She cares deeply for Phinn and is very knowledgeable about rabbits. She also has our forum to turn to (and she does!) if she needs advice. She has asked questions about bonding and finding the right lady-bun for Phinn, and has had wonderful responces from lots of people with bonding experience on this forum. 

Silvie wouldn't want Phinn harmed or put into any danger, that is why she has a great outdoor enclosure for her bun. Outdoor bunnies are possible, if you do you part, in which she does.




Good luck :clover:, Silvie! I hope you can finally find a lady-bun for your baby!


:hug:


----------



## katt (Jul 27, 2007)

i agree with amy. . . silvie deserves a good word! she is an excellent bunny mom


----------



## Haley (Jul 27, 2007)

Hey there, sorry just seeing this (dang internet!)

I was under the impression Midwest was taking a couple, are they not?

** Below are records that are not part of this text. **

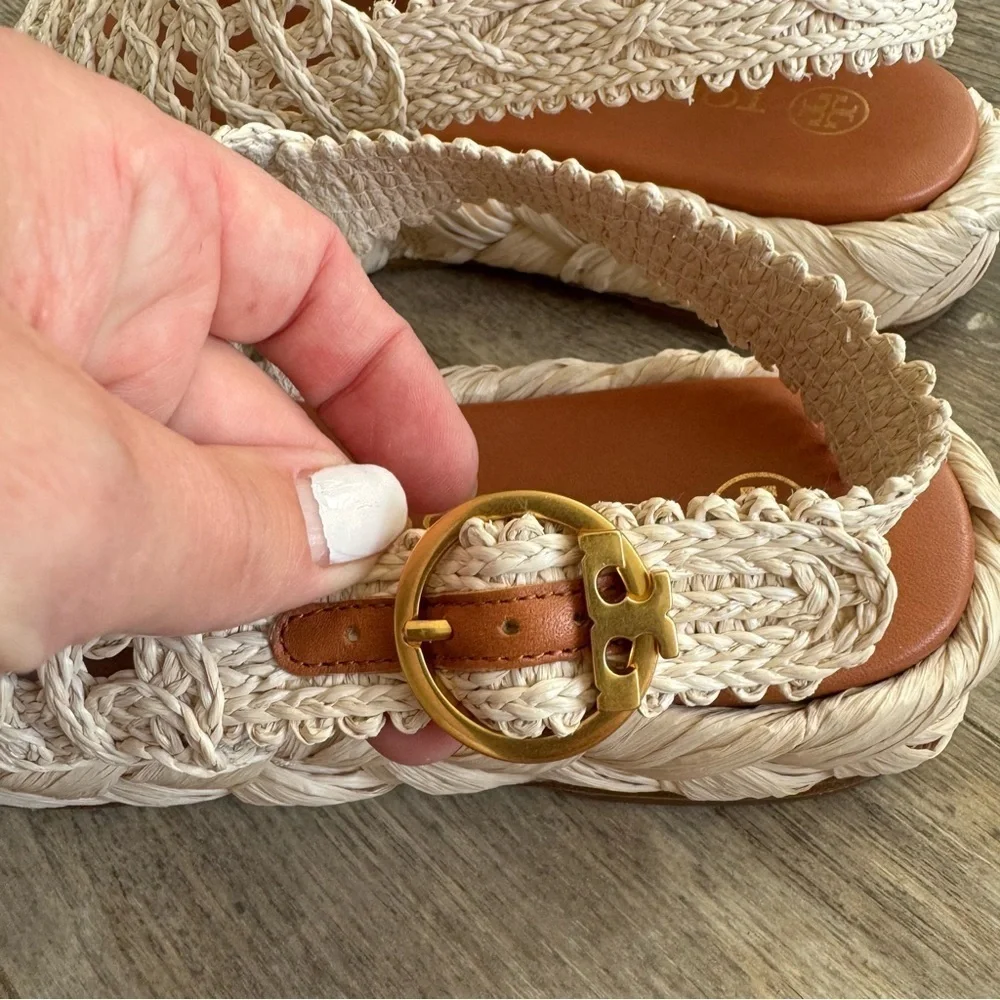 Like new! TORY BURCH RAFFIA ESPADRILLE SANDAL PLATFORM NATURAL/GOLD LOGO w/BOX
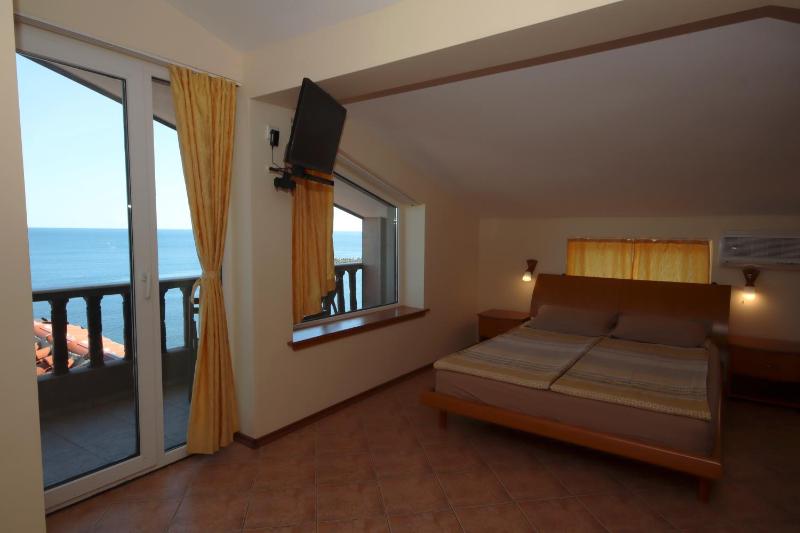 Double or Twin Room - Attic image 4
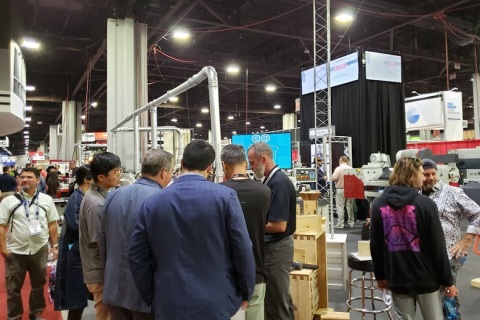 美国亚特兰大木工机械及家具配件展览会展会现场图片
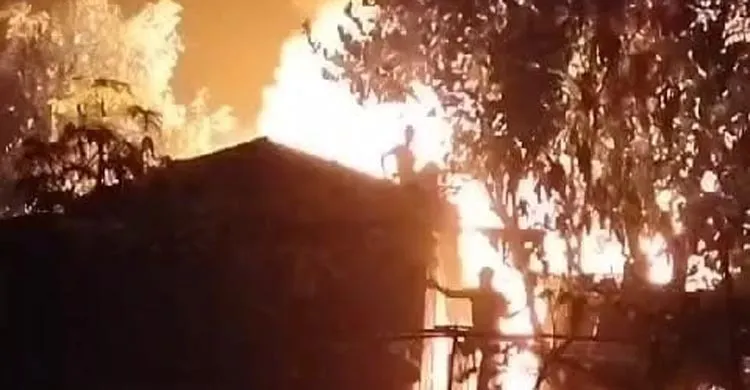 রোহিঙ্গা ক্যাম্পে আবারও আগুন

Tell me a little about the dutch girl, Buttons, is she friendly? healthy? good with other bunnies? Im still considering a lady friend for Basil and Max.

Let me know 

Haley


----------



## MaevePotter (Jul 27, 2007)

Hi,

Looks like they suck at sexing. Buttons is a boy! I checked myself, and he has very visable boy parts lol. 

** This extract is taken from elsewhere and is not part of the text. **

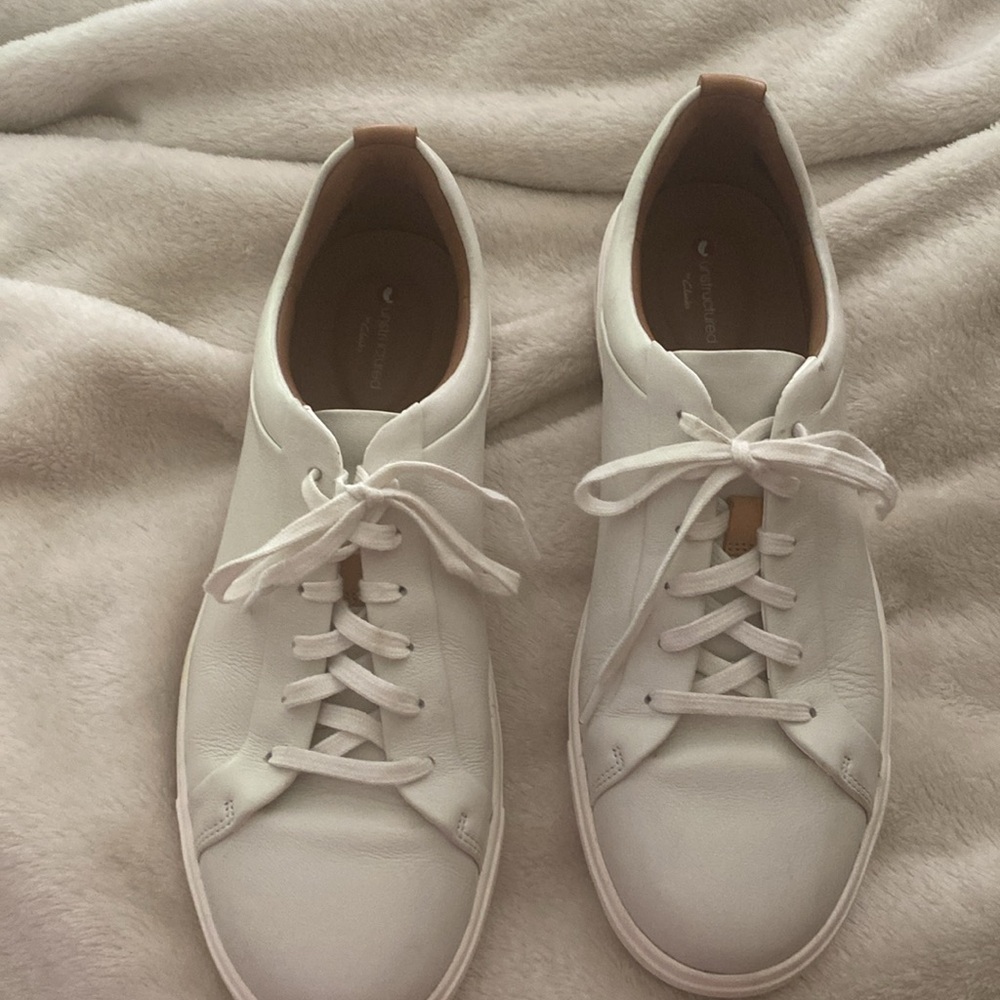 S5- Clark’s White Leather Sneakers Women’s Sz 10 EUC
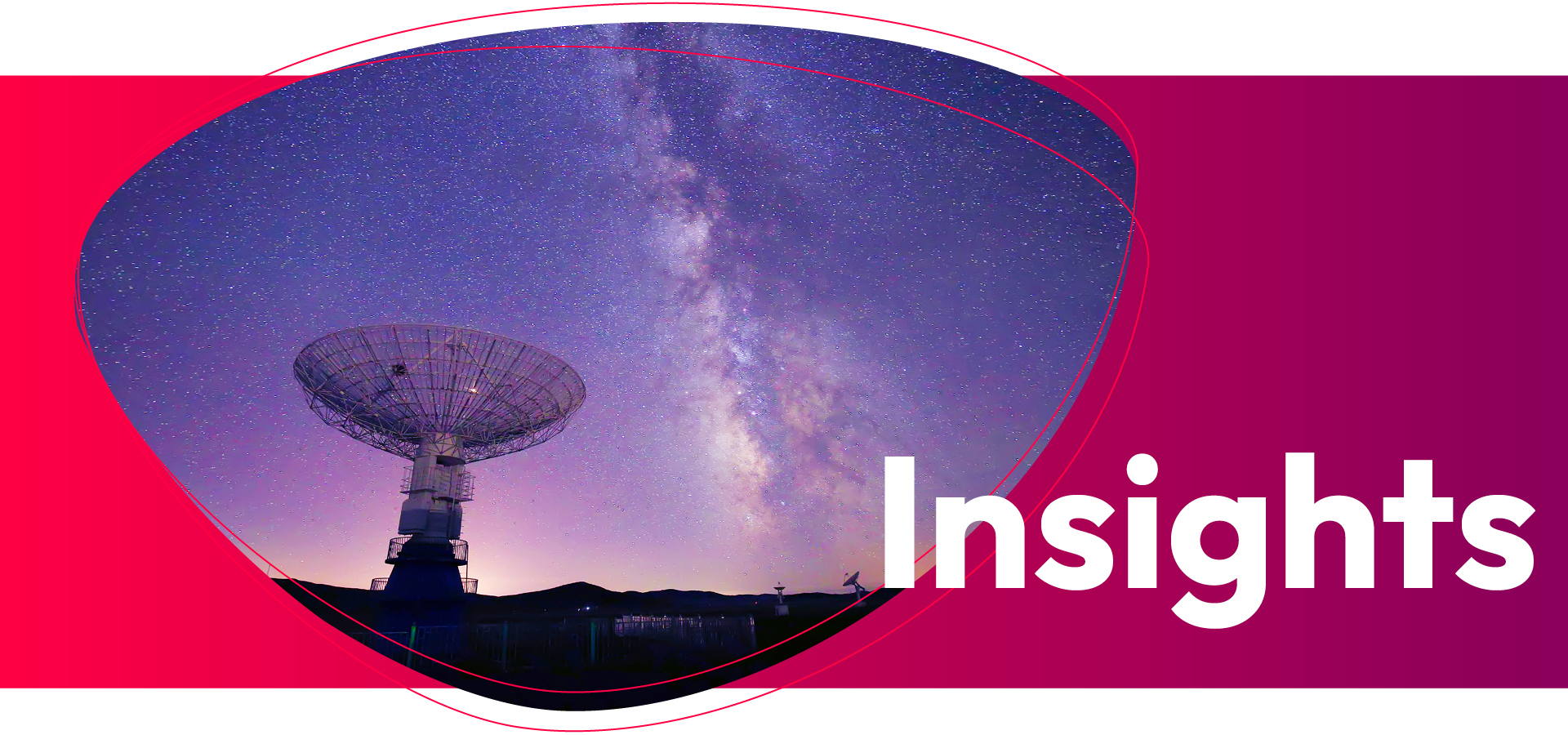 Große Satelliten-Schüssel bei Nacht. Viele Sterne am Himmel. Das Wort „Insights“ steht im Bild.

He is an absolute sweety though. He wants to come out of his cage and is very good about being picked up, he likes getting his head petted. He seems just outgoing and love seeking. He was very curious about the other bunnies when I had them running side by side in xpens, although it could have been hormones lol. But he is a real sweet boy, and just seems like a ready made pet. 

There is also a sort of honey colored dutch they just got in, I don't know the sex, but it seemed like a girl, but who knows? But she is soo skinny, her spine is sticking out. But she seems calm, and let me pet her, and seemed interested in me. I will let you know more when I do. 

Where are you located?


----------



## Haley (Jul 27, 2007)

Oh thats too bad. 

I sent you an email as well. I live in Grand Blanc, MI which is near Flint. Are two of the buns going to Midwest? Im going near there tomorrow. I could probably stand to foster one bunny (Id have to check with my boyfriend) if someone is coming out this way...

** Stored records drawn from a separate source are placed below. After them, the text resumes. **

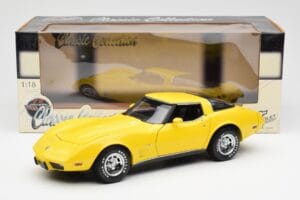 Chevrolet Corvette C3 Gul UT Models 1:18 21074 Metal — billede 8 af 8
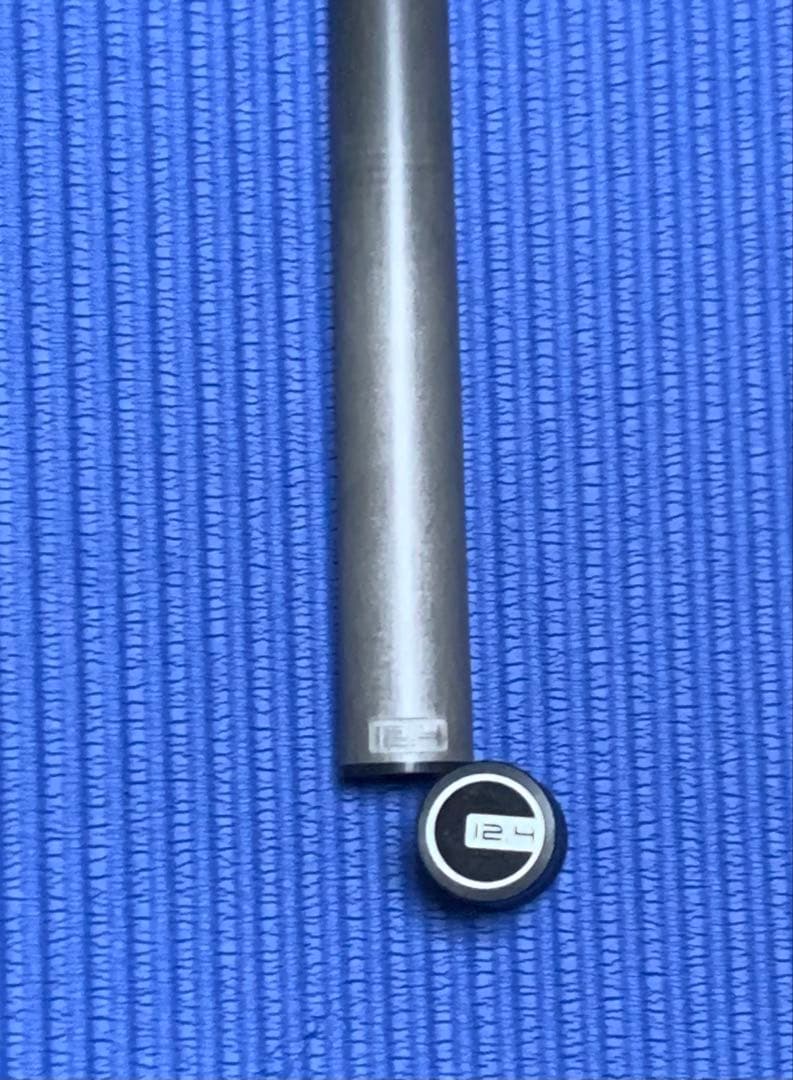 本日限定　プレデタ－ revo １２．４　ラジアル　ＷＶＰ（ホワイトプレート）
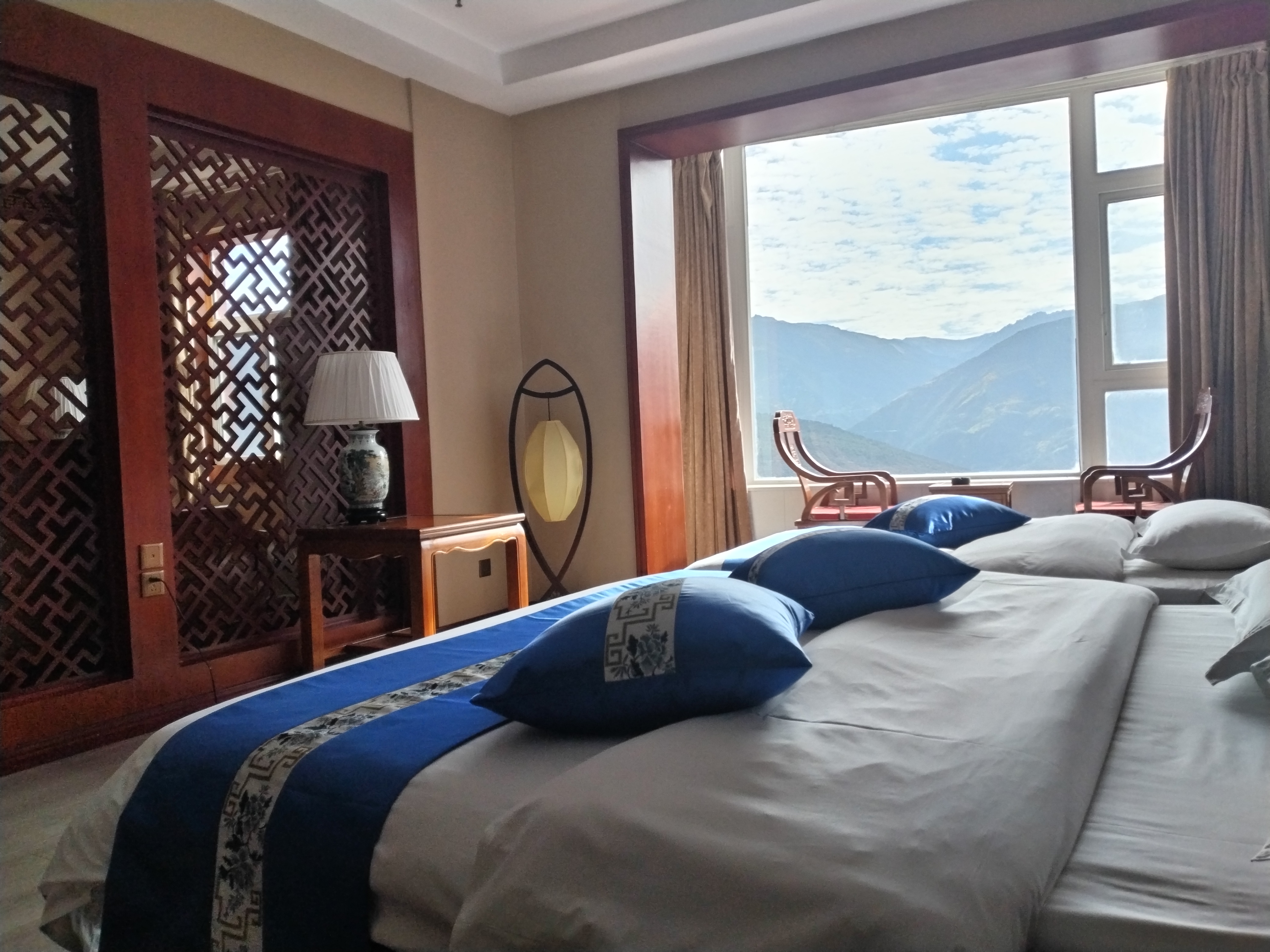 雪山景高级一室套房（空调+供氧）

Any pics of the other dutch?


----------



## Haley (Jul 27, 2007)

Just got your email. lol 

I know Kim, she handles most of the spays that we have done out in Lansing. Shes great. Thats still an hour from me so Im not sure. 

How many bunnies are in danger of being pts?


----------



## iluvmybuns (Jul 27, 2007)

Okay I live in Canton. 2 hours from Grand Rapids. I will definately be willing to help transport to anyone though I am not sure yet about another bun. My boyfriend might shoot me. If it's in dire need I'll foster one........ I live in a 700 sq ft apartment, so space is limited here.


----------



## MaevePotter (Jul 28, 2007)

Ok, So according to the shelter manager, none are in danger of being put to sleep due to space yet, but might be due to health or temperament if anything crops up. So, I just want to find homes for everyone as soon as possible, because if they get any more bunnies in, they very well could be in danger. They are pretty full up right now. Also there are several who I would at least like to get into foster, because they are not used to people yet and get very scared when petted or picked up. 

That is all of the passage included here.